13th July: Sustainable sustenance – we expect to be able to buy and consume anything we want, any time, any place. Does this make us happy? Is it a right? We expect perfect blemish-free fruit and vegetables whether they are in season or not. We are so often blind to the means of production and how polluting and environmentally damaging it might be. One third of food is wasted and that is one of the biggest contributors to greenhouse gas emissions. How can we be more conscious of the value of food and its means of production in a world in environmental crisis?
Timing: UK evening
6.30pm to 9pm UK time
Workshops are 2.5hours long
A useful link for checking other timezones against UK time: https://www.timeanddate.com/worldclock/meeting.html
If you’d prefer workshops in the UK morning time (suitable for Australian time zones too) CLICK HERE
Cost
Per workshop £GBP 27
If you have attended some of the Climate of Change workshops before get in touch for a discounted place. Due to the generosity of Climate of Change participants there are a limited number of discount places for those who need it. Please get in touch with me HERE.

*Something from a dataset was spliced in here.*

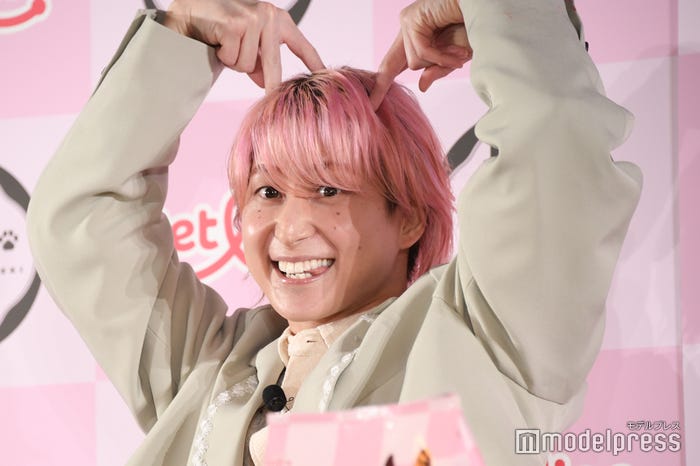 去り際まで報道陣へのカメラアピールで盛り上げる佐久間大介(C)モデルプレス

Quotes from The Climate of Change 2022
It was great to work within a supportive community of writers on the most pressing issues facing humanity at this time. A kind of magic happened within the discipline of the challenge. I found a joy in writing I didn’t know I’d lost, returning to writing freely with freedom to experiment and play. Anne Enith Cooper
I absolutely loved it and feel I was positively stretched as a writer. Patricia Foster McKenley
The Climate of Change Poetry Challenge is consistently stimulating and inspiring. Writing environmental poems is a way to take action in a like-minded community. Don’t hesitate, participate! Nicole Rain Sellers
Really great challenge, Cath – both in terms of the issues to tackle and the assignments set. I also liked having the self-care and practical tasks. Melinda
Wow, thankyou for this gift of motivation and for the richness of your observations about writing for this topic. Bell
I loved your course. Your assignments are so interesting and really helped me dig deep. You have so much enthusiasm and the encouragement makes me feel at home. You have a wonderful depth of perception for the poems we studied. Christina
… you have promoted a good balance between the serious, the fun and the self-care aspects. Thank you! Gabrielle
Thank you for all your hard work in developing this course – whilst the topic is so difficult to face up to, it’s really important and helpful to do it in a supportive and encouraging environment which this has been. Ali Walters
About the Facilitator
Australian Cath Drake is based in London. She’s was an award-winning environmental journalist and writer in Australia for a decade with a post-graduate qualification in environmental science. Her poetry collection ‘The Shaking City’ (Seren Books) was highly commended in the 2020 Forward Prizes and longlisted in the international Laurel Prize for best collection of nature or environmental poetry. It was described by TS Eliot winner Philip Gross as ‘a guide to staying clear-eyed, combative and caring in unsettling times.’. It follows ‘Sleeping with Rivers’ which won the Seren/Mslexia poetry pamphlet prize and was a Poetry Book Society choice. Cath’s accolades include a second and commended in the Resurgence Poetry School international eco-poetry prize (now called Ginkgo) and short-listed for the Manchester Poetry Prize. Cath hosts The Verandah, online poetry teaching and events. She is also a mindfulness teacher.